Armadilhas do parcelamento fácil transformam gastos do dia a dia em dívidas perigosas

O que começa como uma oferta inofensiva no caixa do supermercado ou da farmácia — “quer parcelar em três vezes sem juros?” — está se tornando o gatilho para uma crise silenciosa no bolso dos brasileiros. Especialistas acendem o sinal de alerta para um fenômeno crescente: o uso do crédito não mais para adquirir bens duráveis, como uma geladeira ou um fogão, mas para custear despesas básicas do orçamento mensal, transformando o cartão em um perigoso complemento do salário.

A ilusão do crédito como extensão do salário
A facilidade de dividir contas ordinárias tem levado o consumidor a perder a noção real de sua capacidade financeira. A socióloga Adriana Marcolino, diretora técnica do Dieese, observa que o crediário está sendo usado para “tapar buracos” no custo de vida. O risco imediato é a desorganização total: quando o crédito é visto como renda extra, o endividamento torna-se inevitável.

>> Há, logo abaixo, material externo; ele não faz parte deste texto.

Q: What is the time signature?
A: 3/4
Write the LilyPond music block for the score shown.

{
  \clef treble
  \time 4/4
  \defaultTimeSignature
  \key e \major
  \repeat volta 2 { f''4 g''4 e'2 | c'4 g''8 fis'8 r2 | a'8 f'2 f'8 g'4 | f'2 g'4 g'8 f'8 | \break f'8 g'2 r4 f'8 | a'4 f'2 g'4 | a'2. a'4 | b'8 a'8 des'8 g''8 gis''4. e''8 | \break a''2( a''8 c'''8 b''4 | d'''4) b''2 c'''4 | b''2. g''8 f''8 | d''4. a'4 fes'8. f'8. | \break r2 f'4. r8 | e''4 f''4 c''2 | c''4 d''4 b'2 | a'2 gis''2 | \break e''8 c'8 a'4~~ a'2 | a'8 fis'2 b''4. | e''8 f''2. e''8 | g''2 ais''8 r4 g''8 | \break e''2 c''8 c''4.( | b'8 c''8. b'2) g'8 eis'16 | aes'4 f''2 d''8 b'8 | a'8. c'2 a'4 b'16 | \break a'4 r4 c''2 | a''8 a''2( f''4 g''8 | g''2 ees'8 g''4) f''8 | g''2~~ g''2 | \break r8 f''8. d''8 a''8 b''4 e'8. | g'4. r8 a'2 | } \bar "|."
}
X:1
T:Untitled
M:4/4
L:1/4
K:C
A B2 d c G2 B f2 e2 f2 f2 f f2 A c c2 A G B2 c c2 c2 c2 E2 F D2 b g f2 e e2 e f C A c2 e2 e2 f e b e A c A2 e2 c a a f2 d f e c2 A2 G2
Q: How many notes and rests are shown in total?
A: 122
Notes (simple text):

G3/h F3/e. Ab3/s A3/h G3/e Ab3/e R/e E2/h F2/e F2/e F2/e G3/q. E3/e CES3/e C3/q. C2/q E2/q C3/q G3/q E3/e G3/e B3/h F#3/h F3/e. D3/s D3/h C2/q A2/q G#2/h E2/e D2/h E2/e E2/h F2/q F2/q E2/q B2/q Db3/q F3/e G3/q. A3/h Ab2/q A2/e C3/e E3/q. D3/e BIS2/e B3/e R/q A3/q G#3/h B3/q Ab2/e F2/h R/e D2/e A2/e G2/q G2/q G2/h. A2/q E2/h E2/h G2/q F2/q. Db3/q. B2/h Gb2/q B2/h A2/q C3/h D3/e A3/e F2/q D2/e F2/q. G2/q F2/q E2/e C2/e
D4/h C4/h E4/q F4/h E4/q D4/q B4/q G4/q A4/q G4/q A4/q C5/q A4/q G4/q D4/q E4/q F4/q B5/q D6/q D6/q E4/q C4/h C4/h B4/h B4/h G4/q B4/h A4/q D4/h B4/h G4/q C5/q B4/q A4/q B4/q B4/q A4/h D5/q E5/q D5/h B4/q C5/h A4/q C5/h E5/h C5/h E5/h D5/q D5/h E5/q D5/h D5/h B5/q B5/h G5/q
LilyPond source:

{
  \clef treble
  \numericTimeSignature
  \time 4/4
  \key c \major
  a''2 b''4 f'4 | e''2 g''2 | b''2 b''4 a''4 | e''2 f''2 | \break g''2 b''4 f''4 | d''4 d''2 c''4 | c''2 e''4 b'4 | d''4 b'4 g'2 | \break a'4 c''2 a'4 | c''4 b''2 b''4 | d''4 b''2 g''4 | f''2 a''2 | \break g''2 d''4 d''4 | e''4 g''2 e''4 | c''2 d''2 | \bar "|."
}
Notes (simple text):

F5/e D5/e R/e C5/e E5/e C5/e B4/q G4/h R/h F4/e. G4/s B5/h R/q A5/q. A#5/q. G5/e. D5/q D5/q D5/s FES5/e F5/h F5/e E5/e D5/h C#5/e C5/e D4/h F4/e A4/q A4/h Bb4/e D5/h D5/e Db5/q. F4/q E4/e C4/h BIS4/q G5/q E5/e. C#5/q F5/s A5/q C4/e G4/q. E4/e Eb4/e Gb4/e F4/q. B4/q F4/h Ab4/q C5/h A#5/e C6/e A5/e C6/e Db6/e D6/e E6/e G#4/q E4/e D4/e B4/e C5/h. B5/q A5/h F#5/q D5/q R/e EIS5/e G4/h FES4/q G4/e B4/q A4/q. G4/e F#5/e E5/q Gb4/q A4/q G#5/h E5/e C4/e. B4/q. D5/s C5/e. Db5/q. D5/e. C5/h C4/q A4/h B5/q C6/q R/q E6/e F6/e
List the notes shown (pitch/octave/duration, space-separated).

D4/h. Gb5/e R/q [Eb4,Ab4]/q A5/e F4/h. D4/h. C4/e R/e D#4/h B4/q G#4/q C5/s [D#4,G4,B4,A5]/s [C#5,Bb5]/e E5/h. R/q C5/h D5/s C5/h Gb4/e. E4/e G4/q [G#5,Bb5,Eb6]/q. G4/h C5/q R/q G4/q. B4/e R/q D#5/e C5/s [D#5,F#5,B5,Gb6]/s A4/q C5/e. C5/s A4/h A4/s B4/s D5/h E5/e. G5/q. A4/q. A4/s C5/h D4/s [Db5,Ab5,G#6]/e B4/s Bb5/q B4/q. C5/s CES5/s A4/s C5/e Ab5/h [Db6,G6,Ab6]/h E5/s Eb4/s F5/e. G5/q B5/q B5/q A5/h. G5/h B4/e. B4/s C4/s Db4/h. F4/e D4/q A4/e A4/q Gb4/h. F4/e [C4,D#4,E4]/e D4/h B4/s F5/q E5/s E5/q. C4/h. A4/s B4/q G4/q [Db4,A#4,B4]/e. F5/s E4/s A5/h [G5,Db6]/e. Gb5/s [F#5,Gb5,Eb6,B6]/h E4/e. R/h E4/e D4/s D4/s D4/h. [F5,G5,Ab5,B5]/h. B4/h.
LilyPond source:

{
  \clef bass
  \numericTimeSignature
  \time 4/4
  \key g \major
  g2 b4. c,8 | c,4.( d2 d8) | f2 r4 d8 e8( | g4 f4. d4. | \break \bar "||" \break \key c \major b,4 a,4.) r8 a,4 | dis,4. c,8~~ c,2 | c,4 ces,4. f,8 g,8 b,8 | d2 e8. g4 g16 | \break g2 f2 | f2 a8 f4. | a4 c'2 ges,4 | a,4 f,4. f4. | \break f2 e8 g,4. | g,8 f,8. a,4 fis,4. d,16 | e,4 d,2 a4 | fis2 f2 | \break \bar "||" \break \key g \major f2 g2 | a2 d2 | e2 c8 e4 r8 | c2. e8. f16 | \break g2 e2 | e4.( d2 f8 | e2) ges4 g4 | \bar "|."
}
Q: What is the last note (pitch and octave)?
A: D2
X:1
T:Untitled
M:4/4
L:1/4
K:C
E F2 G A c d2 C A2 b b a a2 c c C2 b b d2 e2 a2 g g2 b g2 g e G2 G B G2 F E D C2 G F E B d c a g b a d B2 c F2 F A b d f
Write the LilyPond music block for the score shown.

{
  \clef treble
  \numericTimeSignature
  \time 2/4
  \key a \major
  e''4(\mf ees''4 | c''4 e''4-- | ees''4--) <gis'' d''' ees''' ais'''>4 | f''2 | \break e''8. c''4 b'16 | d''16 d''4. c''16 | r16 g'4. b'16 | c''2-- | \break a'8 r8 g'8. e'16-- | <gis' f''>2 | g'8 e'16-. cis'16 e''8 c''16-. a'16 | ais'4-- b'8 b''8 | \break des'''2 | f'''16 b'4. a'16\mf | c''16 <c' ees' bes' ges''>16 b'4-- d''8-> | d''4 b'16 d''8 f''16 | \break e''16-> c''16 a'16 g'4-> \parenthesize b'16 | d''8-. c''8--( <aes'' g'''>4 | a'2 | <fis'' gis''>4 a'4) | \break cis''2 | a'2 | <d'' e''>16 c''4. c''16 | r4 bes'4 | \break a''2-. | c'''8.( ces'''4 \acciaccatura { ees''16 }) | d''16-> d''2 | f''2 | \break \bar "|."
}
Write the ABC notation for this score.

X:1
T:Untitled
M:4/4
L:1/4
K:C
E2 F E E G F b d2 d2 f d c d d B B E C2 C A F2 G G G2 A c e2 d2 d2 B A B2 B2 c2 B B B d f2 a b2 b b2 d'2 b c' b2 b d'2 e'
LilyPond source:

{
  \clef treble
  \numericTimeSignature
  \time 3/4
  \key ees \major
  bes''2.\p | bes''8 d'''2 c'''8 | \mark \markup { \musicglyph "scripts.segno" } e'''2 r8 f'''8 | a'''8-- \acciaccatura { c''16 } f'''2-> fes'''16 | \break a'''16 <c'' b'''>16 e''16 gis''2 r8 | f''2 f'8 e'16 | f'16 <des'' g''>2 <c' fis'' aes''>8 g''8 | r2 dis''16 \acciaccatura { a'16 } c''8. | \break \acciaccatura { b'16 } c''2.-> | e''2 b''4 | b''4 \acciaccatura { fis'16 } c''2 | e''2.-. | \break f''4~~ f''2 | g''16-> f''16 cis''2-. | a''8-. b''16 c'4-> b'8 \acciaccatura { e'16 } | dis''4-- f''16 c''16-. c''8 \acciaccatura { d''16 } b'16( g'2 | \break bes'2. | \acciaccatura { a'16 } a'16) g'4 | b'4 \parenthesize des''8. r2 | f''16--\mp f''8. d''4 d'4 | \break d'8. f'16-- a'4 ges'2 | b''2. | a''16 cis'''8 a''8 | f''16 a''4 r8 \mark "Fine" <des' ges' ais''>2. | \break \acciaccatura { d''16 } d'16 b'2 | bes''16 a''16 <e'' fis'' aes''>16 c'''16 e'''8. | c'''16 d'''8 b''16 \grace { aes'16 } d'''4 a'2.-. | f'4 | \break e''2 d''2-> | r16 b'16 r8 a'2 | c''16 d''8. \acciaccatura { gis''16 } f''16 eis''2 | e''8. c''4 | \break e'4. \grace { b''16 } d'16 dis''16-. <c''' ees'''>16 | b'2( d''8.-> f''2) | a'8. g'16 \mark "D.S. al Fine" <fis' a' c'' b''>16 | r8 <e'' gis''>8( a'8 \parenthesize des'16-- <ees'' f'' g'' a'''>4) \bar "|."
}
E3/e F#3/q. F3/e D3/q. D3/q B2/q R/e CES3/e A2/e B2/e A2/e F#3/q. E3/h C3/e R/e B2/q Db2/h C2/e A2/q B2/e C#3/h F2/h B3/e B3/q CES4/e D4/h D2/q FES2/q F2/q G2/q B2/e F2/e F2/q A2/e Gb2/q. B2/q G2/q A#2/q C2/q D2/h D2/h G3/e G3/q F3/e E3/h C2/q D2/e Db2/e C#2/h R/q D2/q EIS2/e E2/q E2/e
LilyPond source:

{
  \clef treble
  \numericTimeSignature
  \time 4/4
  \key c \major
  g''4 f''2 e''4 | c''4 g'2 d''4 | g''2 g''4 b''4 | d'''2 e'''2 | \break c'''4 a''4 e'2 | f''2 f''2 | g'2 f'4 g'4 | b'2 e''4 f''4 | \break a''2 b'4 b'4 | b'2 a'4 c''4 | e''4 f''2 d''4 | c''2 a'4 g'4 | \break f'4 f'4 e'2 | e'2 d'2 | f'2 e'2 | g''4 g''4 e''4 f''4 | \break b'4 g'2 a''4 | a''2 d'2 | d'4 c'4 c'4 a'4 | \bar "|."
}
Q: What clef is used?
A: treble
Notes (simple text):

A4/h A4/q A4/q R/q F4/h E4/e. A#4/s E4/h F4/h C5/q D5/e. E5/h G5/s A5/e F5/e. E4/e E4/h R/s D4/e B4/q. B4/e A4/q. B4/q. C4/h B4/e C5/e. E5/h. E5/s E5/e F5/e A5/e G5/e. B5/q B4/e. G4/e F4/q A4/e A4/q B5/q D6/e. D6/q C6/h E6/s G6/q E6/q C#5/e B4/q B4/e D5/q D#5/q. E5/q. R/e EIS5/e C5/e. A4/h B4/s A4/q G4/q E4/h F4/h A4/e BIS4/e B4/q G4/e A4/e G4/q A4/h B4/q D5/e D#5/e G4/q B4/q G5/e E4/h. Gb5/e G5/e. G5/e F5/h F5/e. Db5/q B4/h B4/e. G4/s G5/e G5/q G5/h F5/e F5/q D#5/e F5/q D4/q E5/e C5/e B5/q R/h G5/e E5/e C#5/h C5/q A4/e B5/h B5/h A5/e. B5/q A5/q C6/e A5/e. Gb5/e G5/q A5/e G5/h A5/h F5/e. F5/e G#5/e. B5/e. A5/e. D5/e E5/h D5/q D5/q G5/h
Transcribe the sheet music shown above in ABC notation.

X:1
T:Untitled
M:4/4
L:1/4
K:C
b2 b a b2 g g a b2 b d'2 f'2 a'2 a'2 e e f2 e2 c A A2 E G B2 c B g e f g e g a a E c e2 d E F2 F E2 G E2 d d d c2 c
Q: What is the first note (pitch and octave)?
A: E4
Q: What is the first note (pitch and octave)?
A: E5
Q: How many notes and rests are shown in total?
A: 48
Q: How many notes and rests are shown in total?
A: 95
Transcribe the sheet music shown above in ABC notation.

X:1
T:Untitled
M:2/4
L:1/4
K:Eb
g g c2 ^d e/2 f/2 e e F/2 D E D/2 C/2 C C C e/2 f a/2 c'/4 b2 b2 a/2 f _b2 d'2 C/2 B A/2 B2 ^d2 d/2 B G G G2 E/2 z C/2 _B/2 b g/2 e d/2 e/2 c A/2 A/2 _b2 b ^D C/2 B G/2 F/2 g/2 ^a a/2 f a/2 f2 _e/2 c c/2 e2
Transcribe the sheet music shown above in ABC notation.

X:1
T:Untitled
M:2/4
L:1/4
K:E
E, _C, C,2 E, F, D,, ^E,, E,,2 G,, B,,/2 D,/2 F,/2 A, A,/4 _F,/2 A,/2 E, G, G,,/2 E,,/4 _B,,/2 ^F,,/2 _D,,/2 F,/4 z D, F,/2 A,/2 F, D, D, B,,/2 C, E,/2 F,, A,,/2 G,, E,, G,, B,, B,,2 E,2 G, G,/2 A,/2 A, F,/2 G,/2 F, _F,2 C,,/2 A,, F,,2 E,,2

Para a economista Isabela Tavares, da Consultoria Tendências, o erro de cálculo é matemático e psicológico. “Quem recebe R$ 5 mil e possui um limite de R$ 5 mil no cartão não tem uma renda de R$ 10 mil”, adverte. A falta dessa percepção faz com que muitos cidadãos comprometam ganhos futuros com gastos de consumo imediato, que já terão sido consumidos muito antes de a última parcela ser paga.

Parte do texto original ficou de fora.